А в следующую субботу все повторилось. Было два часа пополудни, мама сидела в гостиной, закрыв ставни, я делал упражнение под названием «Domus Aurea»[98], где была уйма прилагательных с тремя окончаниями и эти прилагательные надо было согласовать с существительными четвертого склонения — сущая пытка! Нены поблизости не было: должно быть, повела прогуливать Белафонте к воротам, и я на несколько минут потерял ее из вида. Вдруг она, запыхавшись, выскочила из-за угла дома со стороны террасы, остановилась в нерешительности, обернулась, снова пустилась бегом и опять застыла на месте, озираясь. Единственным звуком, нарушавшим тишину, был шорох гравия под ее сандалиями. Сперва она вроде не знала, к какому окну ей бежать, потом, увидев, что ставни на мамином окне плотно закрыты, подлетела к моему и окликнула — не по имени, а просто: послушай, послушай, ну пожалуйста, — и голос у нее был совсем другой, умоляющий, но без капризных ноток, я еще ни разу не слышал, чтобы Нена говорила таким голосом, казалось, она плачет без слез.

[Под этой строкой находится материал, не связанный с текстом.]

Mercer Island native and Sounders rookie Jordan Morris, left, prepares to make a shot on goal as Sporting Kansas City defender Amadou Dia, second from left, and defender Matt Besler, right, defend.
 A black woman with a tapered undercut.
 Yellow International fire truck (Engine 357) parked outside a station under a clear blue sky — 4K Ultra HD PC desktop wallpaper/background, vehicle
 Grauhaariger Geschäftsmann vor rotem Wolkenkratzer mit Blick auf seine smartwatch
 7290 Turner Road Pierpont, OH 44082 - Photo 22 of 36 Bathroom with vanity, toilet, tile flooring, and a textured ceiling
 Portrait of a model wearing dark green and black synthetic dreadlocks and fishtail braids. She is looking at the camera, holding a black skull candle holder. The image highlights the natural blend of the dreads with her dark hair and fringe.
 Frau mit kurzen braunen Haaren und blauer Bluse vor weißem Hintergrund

Не знаю, почему я не подошел к окну. Нет, знаю, я не подошел именно потому, что чувствовал, о чем она собирается мне сообщить. В страшной растерянности, с ощущением какой-то внутренней пустоты я сознавал, что не смогу ее выслушать, что это выше моих сил, что я сейчас способен заорать во все горло, избить ее, повыдергать эти идиотские косички, предмет ее гордости, а потом зарыдать в голос, не боясь, что меня услышат. Я сидел молча, не шевелясь, затаив дыхание. Мы были совсем рядом, нас разделяла только оконная сетка. Но заглянуть внутрь Нена не могла — она не доставала до подоконника. Господи, хоть бы она подумала, что я сплю, молился я про себя и даже машинально дотронулся до металлической чернильницы с календарем — есть такая примета от сглаза. И молитвы мои были услышаны: Нена постояла еще немного, дыша тяжело и возбужденно, затем по удаляющимся шагам я понял, что она направляется к террасе. Босиком, на цыпочках я подошел к окну и закрыл ставни. Потом чуть-чуть приоткрыл дверь в коридор и лег. Отсюда мне было слышно все, даже если бы они говорили шепотом. Сквозь дверную щель я мог бы увидеть маму в кресле, но я предпочел не рисковать, не попадаться им на глаза, мне достаточно было слышать, впрочем, я и так уже все знал.